I brought two DIY solar cookers to my cat-sitting gig in “THE VALLEY”. Because they are so portable, and because this home has every modern convenience + solar panels, it’s a cheap thrill to do something low tech and hands on.
How portable are these cookers? The five pieces of poster board form a 14″x14″x1/2″ packet!
Or, you can fold it like a fig and invert it into a shopping bag.
The neighbors gifted me some freshly caught tuna and I had butternut squash from LA EcoVillage garden. I always use a meat thermometer when cooking fish or meat. The covered pan is wrapped in an oven roasting bag to trap heat.
Despite the warped pasteboard edges of the cooker on the right, a pot of cabbage was well cooked.
Solar cooker tip: Don’t expose the poster board cooker to moisture – not even over night dew – because the edges will curl. After a few days under heavy books, they resumed their former shape. At the EcoVillage, when I store the cookers outdoors, I wrap them in plastic.
Solar Cooker Demonstrations: It is my intention to plan a solar cooker demonstration to fund raise for Solar Cookers International and for the LA EcoVillage, so stay tuned for that announcement.
I want to begin with a huge public thank you to Federico who built a beautiful cart from upcylced materials for the newest, largest, heavy solar oven. I am so grateful to move it out of my apartment, to store it outdoors so I do not have to navigate stairs while carrying it.
Now it can be easily pulled around the garage area to the current sunny location (just like a cat)
Also, thanks to Jimmy who made his shop and welding skills available to Federico for this project. They both kept it a secret from me until it was ready.
I am so happy with it and hope it will make it easier for others to cook with the sun, too.

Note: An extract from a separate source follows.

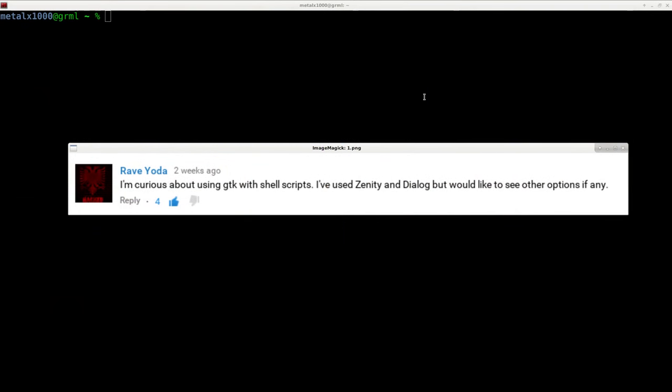As I mentioned in the last video, this video is part of a series, so check out the description for the full playlist. A viewer named Rave Yoda asked: 'I'm curious about using GTK with shell scripts. I've used Zenity and Dialog but would like to see other options, if any.' We're going to go over other options, but I thought I'd take this opportunity to cover some basic Zenity commands.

After several weeks of cloudy – often rainy – days I decided to binge cook on a sunny day before the afternoon high winds set in.
I put the homemade “fig” solar cooker and the reflector solar cooker in the more protected courtyard. They are both light weight and may blow away in the wind.
Below, the Global Sun Oven roasted a few lbs of chicken on a layered bed of onions and celery. While the oven was still hot after I removed the chicken, I baked a sun-oven appropriate version of Rhian’s g.f., vegan carrot cake. Optimal solar cooking time is 10 am – 2 pm and it was after 1 pm when I was ready to bake the cake. I put it into a wide pan instead of a loaf pan to hasten the baking time. That work-horse oven heated to 350 – 375 degrees.
Last year I taught a few solar cooking/ diy solar cooker construction workshops. I haven’t planned any for this year, yet. Interested people may contact me.
The garden has been so responsive to the rains that we gardeners are working hard to keep up with the growth and overgrowth. Check out some of the abundance:
Below: Peas were reluctant to germinate this year and required 4 re-plantings. The ones that sprouted flourished. I usually eat 1/2 of the daily harvest while I’m picking them, and we still have plenty to share with neighbors. While the pea vines begin to decline, the Fava (broad) beans are maturing.
I love growing Romanesco broccoli because it is so beautiful. Unlike the broccolini that preceded it, it won’t have side shoots, so that is the cost of beauty. Next year we’ll grow them simultaneously for abundance and beauty.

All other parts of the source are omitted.